We're Updating our Data Source

Katrina-Hess
Instructure Alumni
Instructure Alumni
12
2949

Hello Canvas Community! 

 

There was a glitch in the matrix. We discovered a problem that affected the accuracy of your data. To ensure that data numbers are what they should be, we are updating the data source for both New Analytics and Canvas Data's request table.

 

What is changing?

In about a week or so, you'll notice an increase in the number of HTTP requests received daily, which will increase activity numbers in New Analytics. Reports will be adjusted to include the previously missing data—including historic activity. Canvas Data's request table is also affected but will only show updated activity numbers moving forward. No schema changes are involved.

 

[UPDATE 2019-11-20] We are also looking into the issue of increased request activity as stated in the comments below.

 

Why did this happen?

Canvas Data's request table and New Analytics expose HTTP request data to customers. These products rely on logs generated by Canvas web application servers which are archived to S3 periodically. A flaw was discovered in the archiving process that caused some logs to be discarded when web application servers were shut down.

 

How are we preventing this from happening again?

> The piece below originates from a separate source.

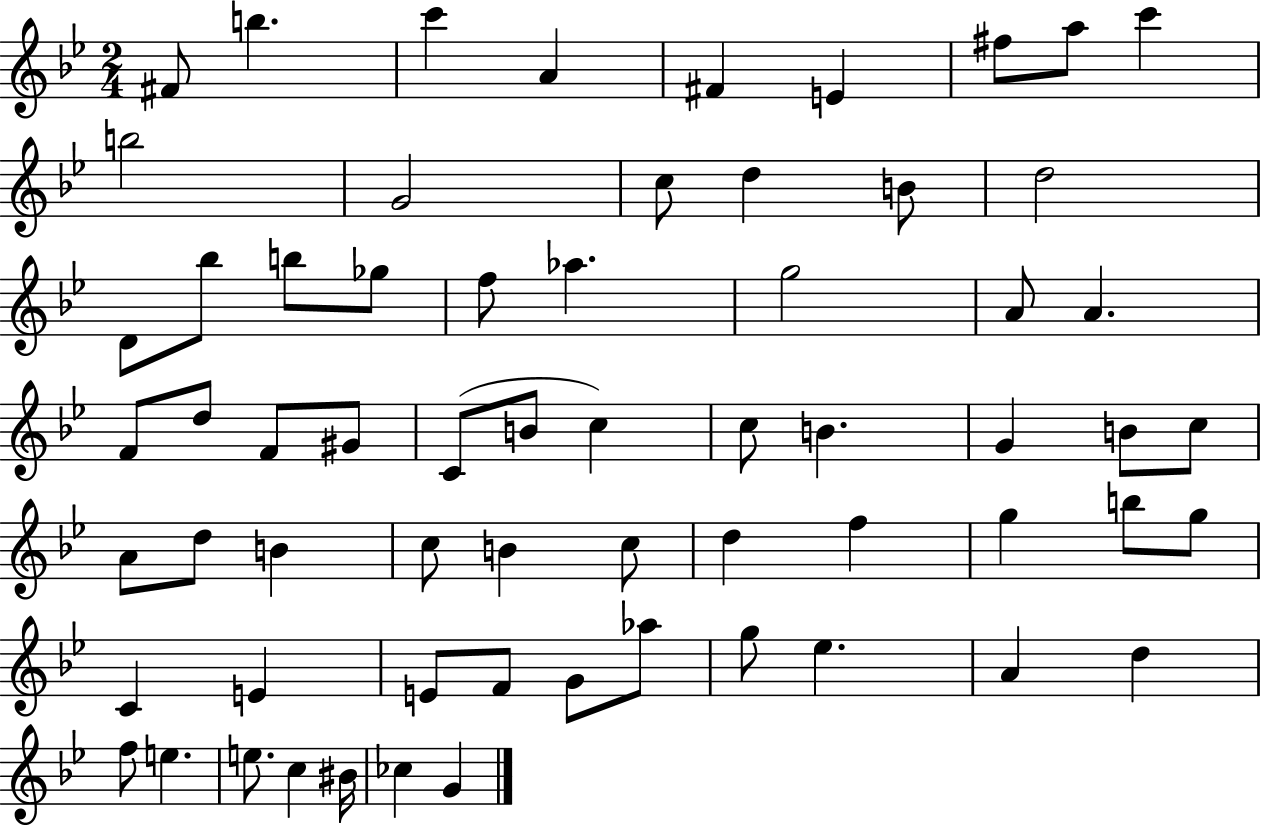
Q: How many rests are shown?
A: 0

The Canvas DevOps team has developed a separate archiving process which does not exhibit the same data loss behaviors. Canvas Data's request table and New Analytics will be moving to this new archive source for HTTP request data.

 

We apologize for any concerns that may have been caused by this data inconsistency. This adjustment is one improvement in a longer journey towards data excellence at Instructure. Today represents an improvement in your data. We will continue to ensure we continuously deliver a high standard of data services for you because of how much data excellence matters to us.

 

Best, Katrina

12 Comments
rpsimon
Community Contributor

So please forgive me for being ignorant, but does this affect the Canvas Data Portal too?

robotcars
Community Champion

Shouldn't affect the Portal, Documentation, or API.

It mostly seems to be an explanation of Large increase in requests data

oxana
Instructure Alumni
Instructure Alumni

Thank you  @r_carroll ‌. I confirm that the schema, documentation and api/cli are not affected. The request table will go up in the size in the upcoming run. 

a1222252
Community Participant

Hi All,

Looking at today's requests data, 75% of the records are of the form:

web_application_controller = 'conversations'

web_application_action = 'unread_count'

course_id = '\N'

conversation_id = '\N'

url = '/api/v1/conversations/unread_count'

Almost all of of these, (99.6%), are associated with browser sessions, (user_agent like 'Mozilla%.), so the fact that the url is an API call would indicated that the traffic is system-generated.

I don't see how these records are of any use since they are clearly not generated by user activity.

While we could remove these up as part of our load, the increased data quantity has a substantial impact on processing time, disk storage of the local data store etc.

Regards,

Stuart.

oxana
Instructure Alumni
Instructure Alumni

Hi  @a1222252 . 

The request data we are sharing is the application transactional data and not an ideal source to calculate user activity or any other meaningful analytics, we recommend using Data Services : Live Events Streaming option to eliminate any system noise . Please check out our new feature in Canvas Beta Environment /Data Services : System vs User filter https://community.canvaslms.com/docs/DOC-18081-system-and-user-event-filtering-capabilities.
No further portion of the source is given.